Philosophy of Program

Northbrook District #27 believes there are children who can be identified as intellectually gifted. These children have unique and exceptional needs and abilities that necessitate a program qualitatively different from the regular classroom program. In addition, these students benefit from spending part of each day and/or week with like peers.

Kindergarten through third grade (K-3) Flexible Enrichment Program

Students in kindergarten through grade three may be selected to participate in the Flexible Enrichment Program. The program provides opportunities for extending the core curriculum in the areas of reading and/or math problem solving. Students are considered for participation in the program based on standardized test scores, formal and informal classroom assessments, and/or exceptional abilities. Students leave the regular classroom and meet in small groups with the enrichment teacher for specific units of study in reading and/or math. The K-3 enrichment program is a non-graded program. That is, the extension activities do not replace the learning requirements of the normal classroom curriculum. Because children mature and change rapidly from ages of four to eight, the K-3 program is designed to be flexible with regard to student participation. For example, a first grade student who is an early reader may be included in a reading enrichment unit. Another student with advanced mathematical thinking may participate in a problem solving group. These students may or may not be "gifted" but are certainly in need of enrichment at that particular time. Therefore, student groupings change regularly.

Prior to entering fourth grade, selected students are formally assessed by an IQ measure to determine placement in the 4-8 Extended Learning Program, which is a daily replacement curriculum for identified students.

Fourth and Fifth Grades (4/5) Extended Learning Program (ELP)

Unlike the K-3 flexible enrichment program, the 4/5 program is only offered to students who meet gifted criteria through formalized identification, including an IQ score. The 4/5 program is differentiated to meet the needs and abilities of the gifted students and includes the subjects of reading and language arts. The 4/5 identified students leave their homeroom class each day for 120 minutes. They meet with the gifted education teacher and their grade level peers to engage in replacement reading/language arts curriculum. Students receive their reading/language arts grades from the ELP teacher. In addition to the 4/5 ELP, students may receive flexible enrichment in math one day per week. Students are selected for math enrichment based upon various data that reflects their math performance. Math enrichment is not part of the ELP curriculum but is open to any student who meets the specific criteria.

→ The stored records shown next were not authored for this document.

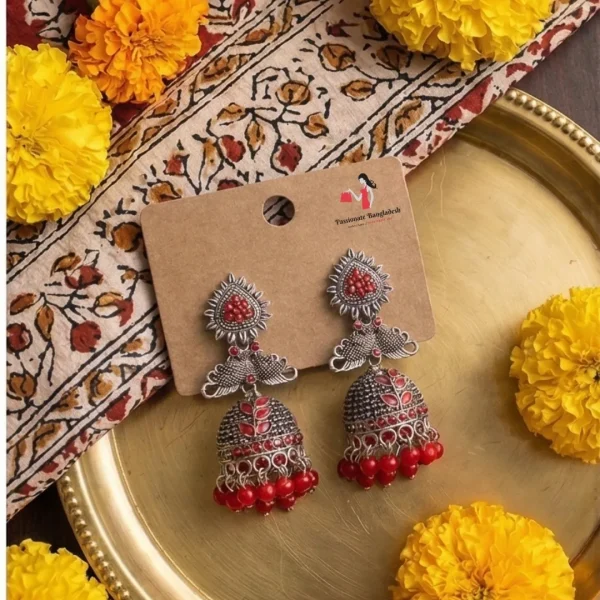 Traditional oxidized-style jhumka earrings with red, yellow and blue stones, perfect for saree, salwar and festive party looks from Passionate Bangladesh. Shop now at www.passionatebangladesh.com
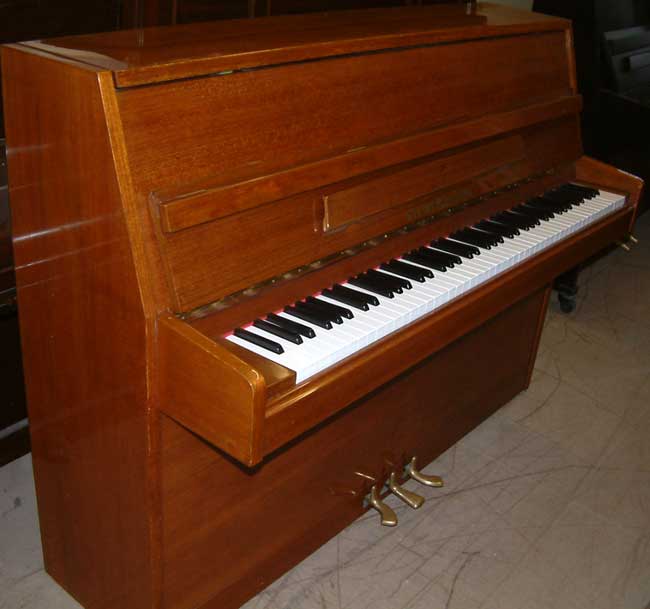 Steinfeld teak upright piano for sale. 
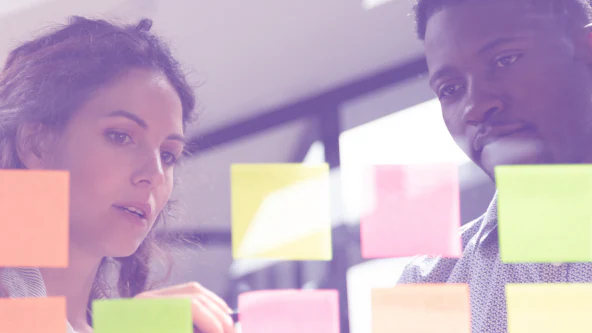 A female teacher and male teacher looking at and organizing Post-it notes.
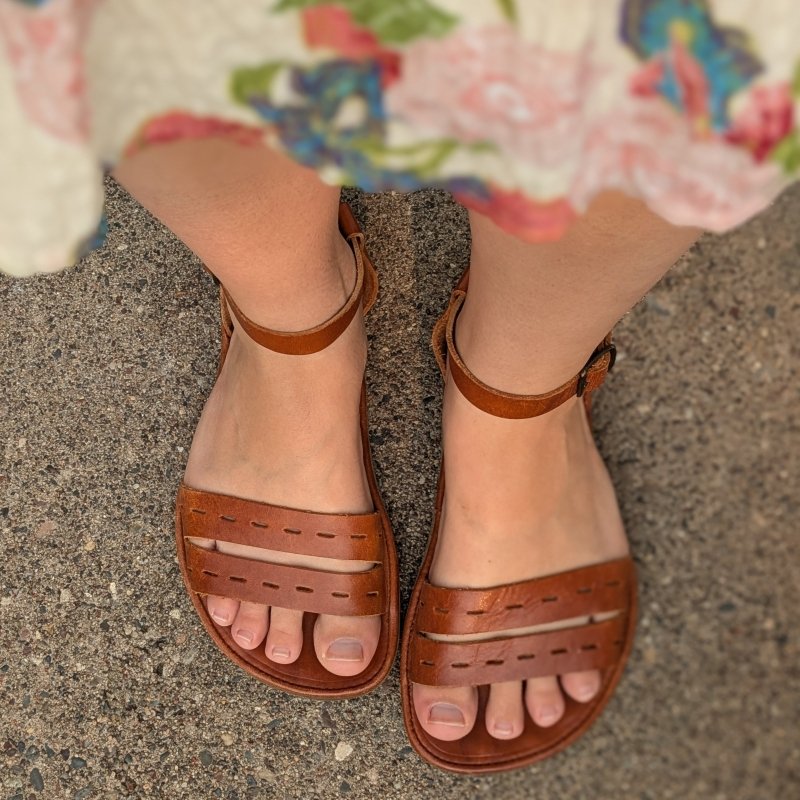 Close up top down view of a pair of Cut Here sandal from The Drifter Leather in a custom shape for hard to fit feet. A floral dress is visible at the top of the frame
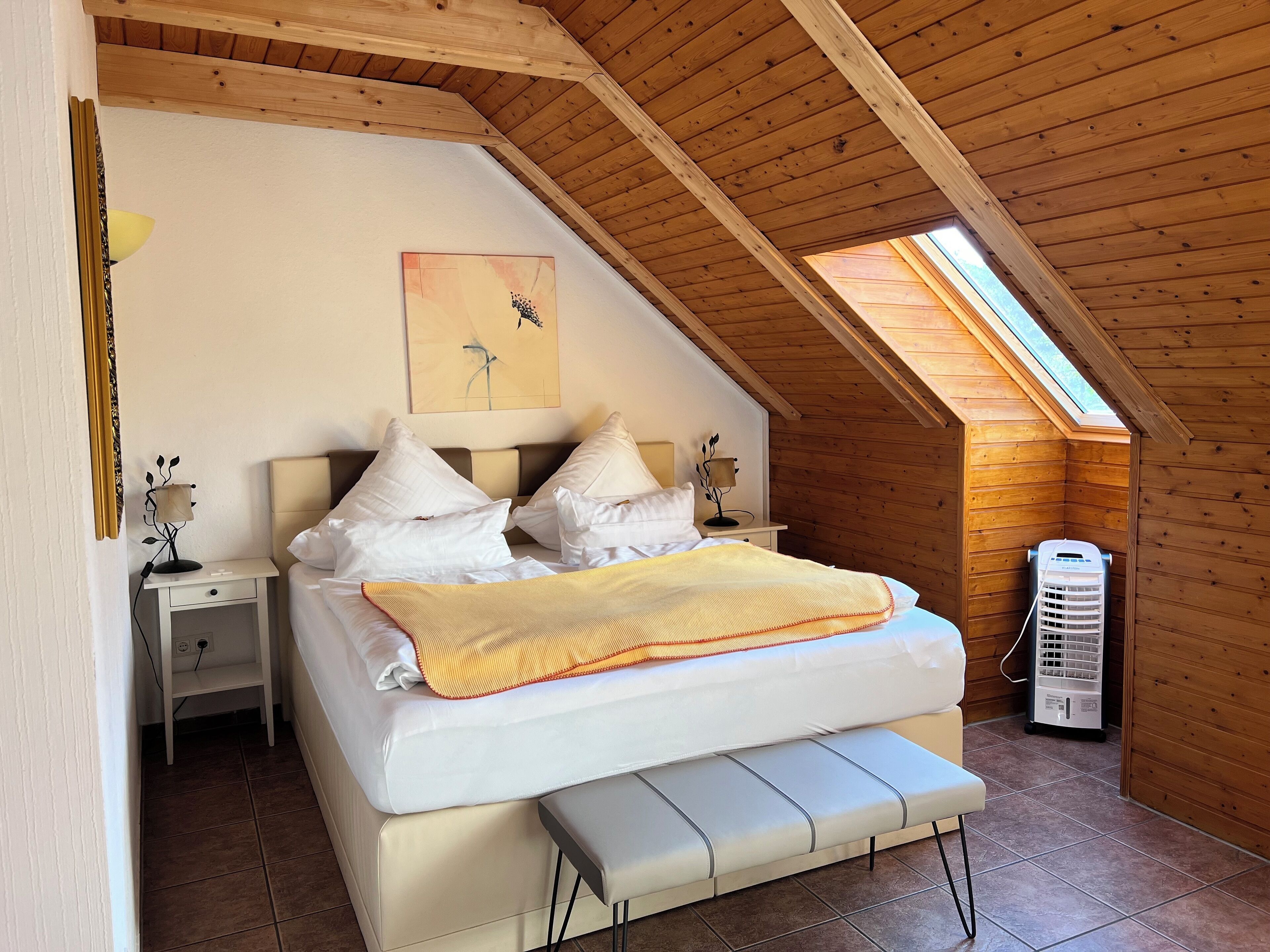 A bedroom with a sloped ceiling, a bed with white bedding, a bench, a bedside table with a lamp, a wall-mounted artwork, and a heater.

Sixth through Eighth Grade (6-8) Program

Similar to the 4/5 program, the 6-8 program differentiates the core curriculum in the subjects of reading and language arts. In addition, social studies is included in the humanities-based program. The students meet with the gifted education teacher(s) daily for these three class periods. Students receive their reading, language arts, and social studies grades from the ELP teacher.

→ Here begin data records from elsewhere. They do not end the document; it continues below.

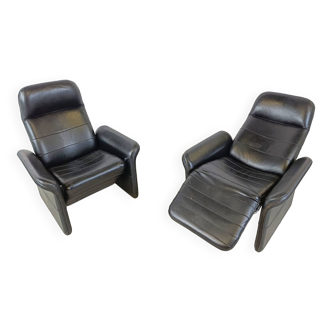 Pair of black leather reclining armchairs, 1970s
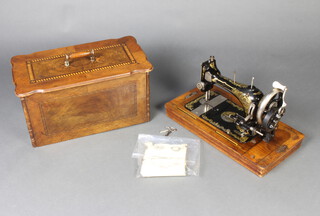 W J Harris & Co, a manual sewing machine no. 889 910 complete with instructions and carrying case 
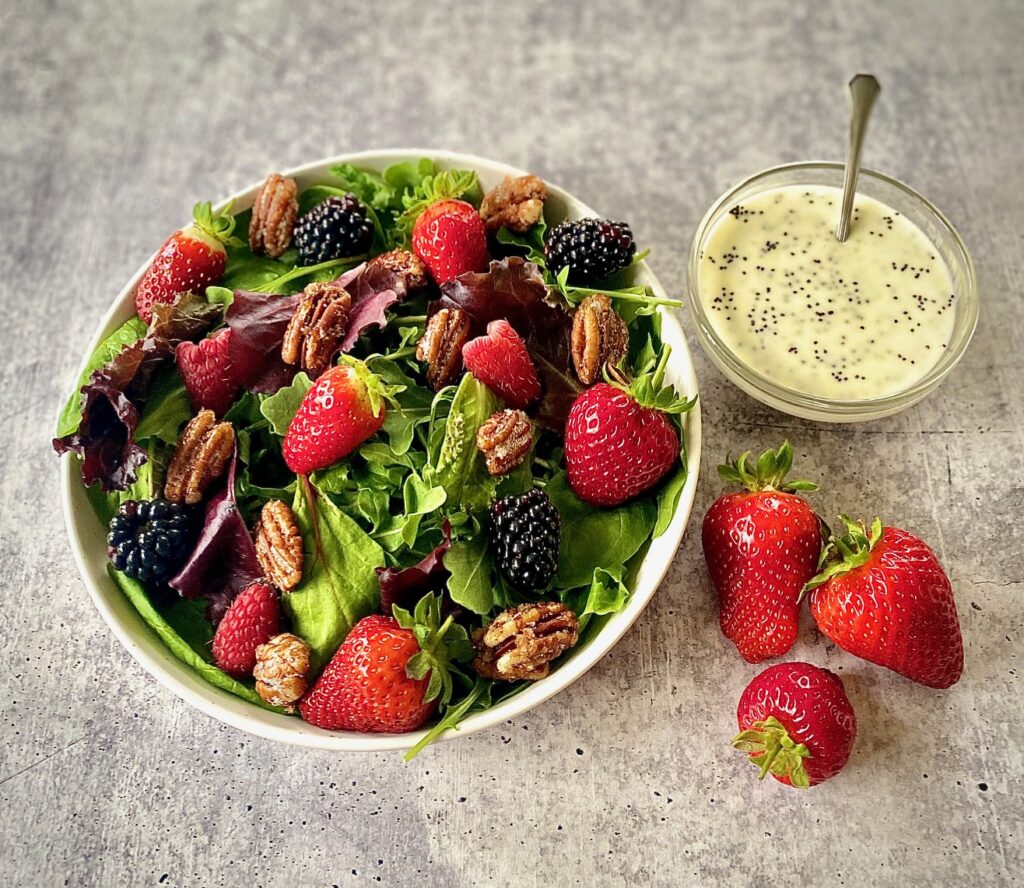 one salad with dressing bowl and 3 strawberries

Math enrichment is not offered at Wood Oaks because math placement is determined by ability; students are placed in one of three math tracks.

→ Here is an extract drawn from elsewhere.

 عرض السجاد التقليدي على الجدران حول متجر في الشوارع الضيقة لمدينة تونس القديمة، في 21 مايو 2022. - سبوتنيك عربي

Formal Identification Process for 4-8 ELP

Students are identified at the end of third grade for placement in the formal gifted program, ELP, which begins at fourth grade. Students are typically nominated by teachers, parents, or administrators. In addition, students may be self-nominated or promoted by their peers. These students are then screened. Through the use of a scoring matrix, the following items are analyzed:

  • The most recent Terra Nova scores in the areas of Vocabulary and Reading (1-4 points are awarded based on the child's local percentile, for example 1 point is given for 85-89 percentile and 4 points are given for 97-99 percentile).
  • The NWEA Reading Score from the spring administration of the Measures of Academic Performance (MAP) test (again 1-4 points are awarded based on scores).
  • The Teacher Rating scores are derived from over twenty descriptors typical of high performing students. The teacher rates each descriptor in comparison to the child's daily performance.
  • The Aptitude Score from the Test of Cognitive Skills, administered during the Terra Nova testing (2-8 points are awarded based on the aptitude score, with a score 130 receiving 2 points and 141 receiving 8 points).

The parents of nominated students receive a comprehensive overview of the screening process and an individual student report. Those students who meet the minimum criteria of screening points are invited to take the Stanford Binet V individual intelligence test administered by a District 27 school psychologist. The results of this test (IQ Score) are the final determination of entrance into the gifted program. Binet results are shared with parents who may accept or reject placement in the formal gifted program. Students who do not meet the cut score are closely monitored by classroom teachers, the principal, and the ELP coordinator. Reevaluation at a later date may be warranted. These students or students not previously nominated may be recommended for the program at any time after third grade.